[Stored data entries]
···

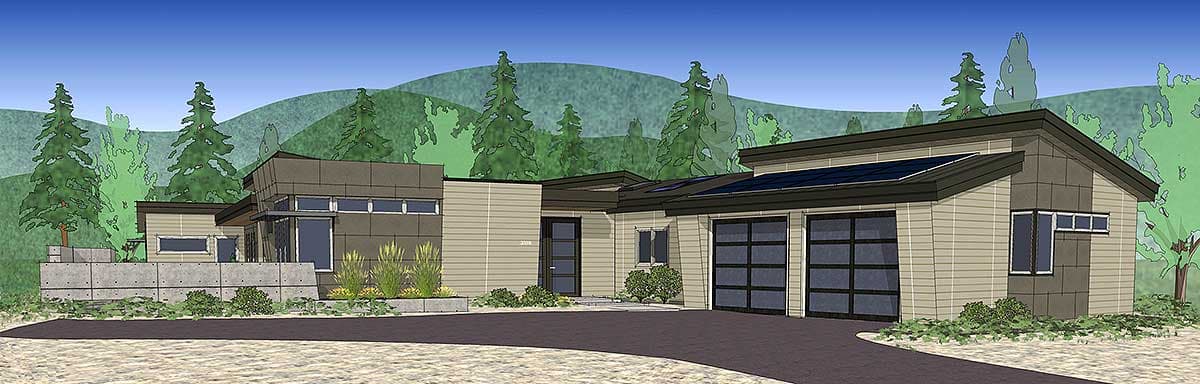 Plan 54201HU: Modern Living with Passive Solar Features - Image #21 - Contemporary, Mid Century Modern, Modern, Mountain, Ranch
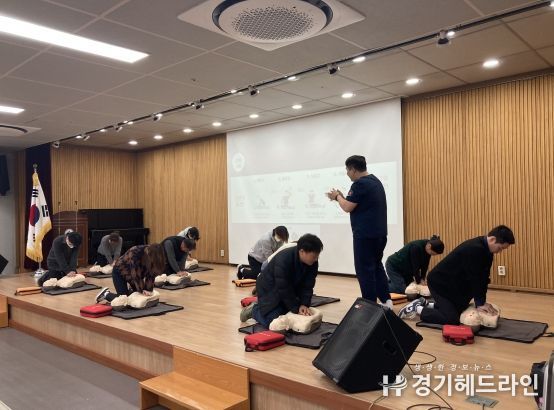인천광역시교육청연수도서관, 이용자와 함께하는 심폐소생술 교육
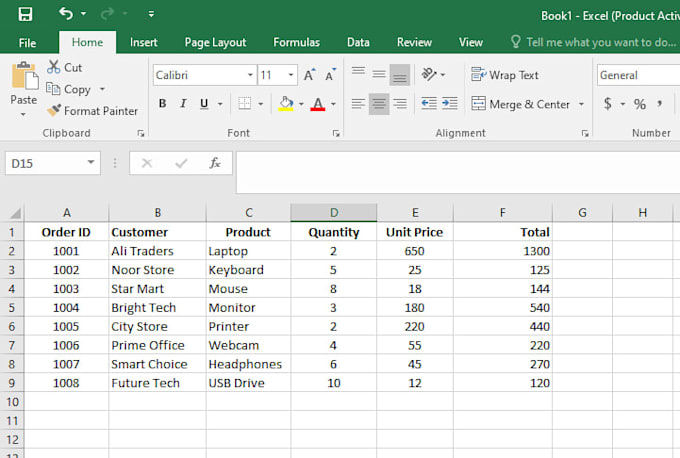create and format professional microsoft excel spreadsheets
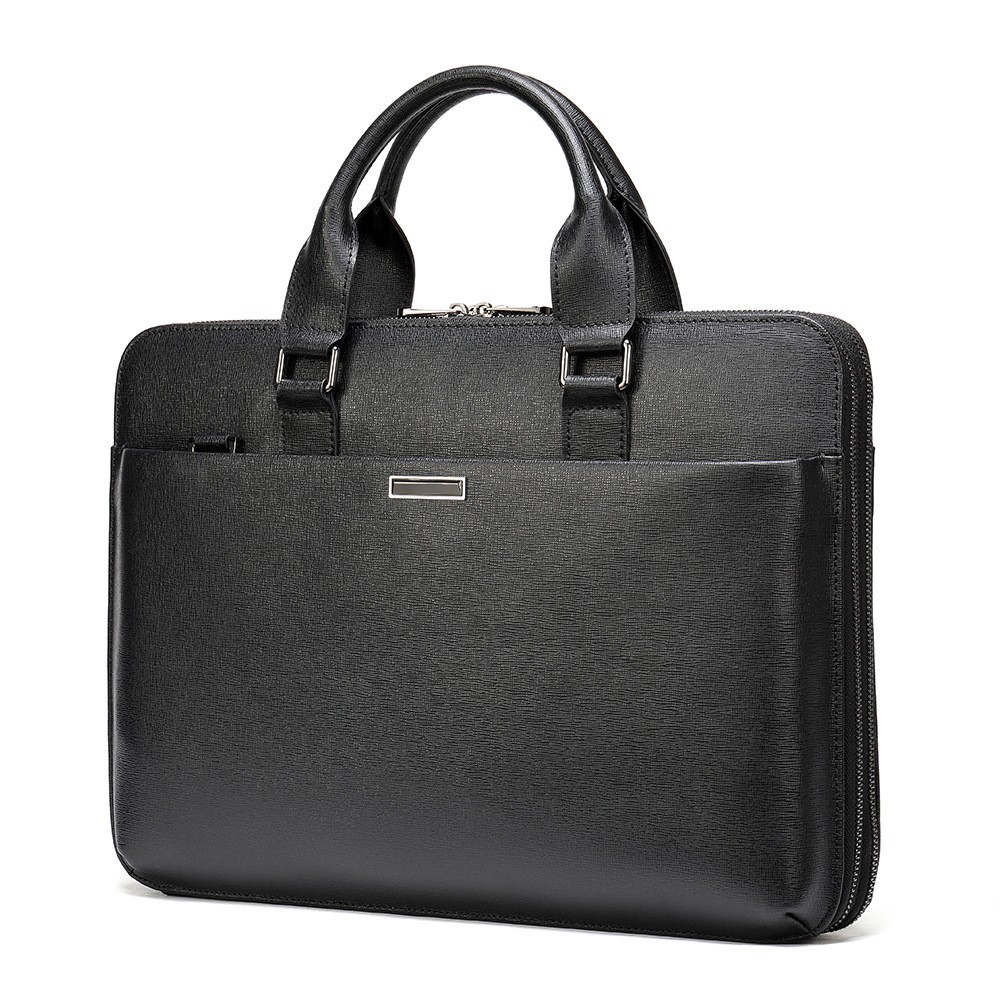 Luxury Real Leather Business Mens Briefcase - BagsWish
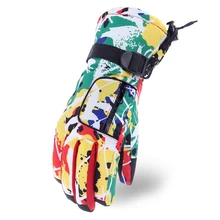 Зимние цветные лыжные перчатки теплые уличные перчатки с эластичной лентой износостойкие Нескользящие перчатки Сноуборд перчатки для женщин#20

···

* _YOUR OBJECTIVE_
Write out all the entries again, word for word, and print no images.

* _REPLY TO THE TASK_
 Plan 54201HU: Modern Living with Passive Solar Features - Image #21 - Contemporary, Mid Century Modern, Modern, Mountain, Ranch
인천광역시교육청연수도서관, 이용자와 함께하는 심폐소생술 교육
create and format professional microsoft excel spreadsheets
 Luxury Real Leather Business Mens Briefcase - BagsWish
 Зимние цветные лыжные перчатки теплые уличные перчатки с эластичной лентой износостойкие Нескользящие перчатки Сноуборд перчатки для женщин#20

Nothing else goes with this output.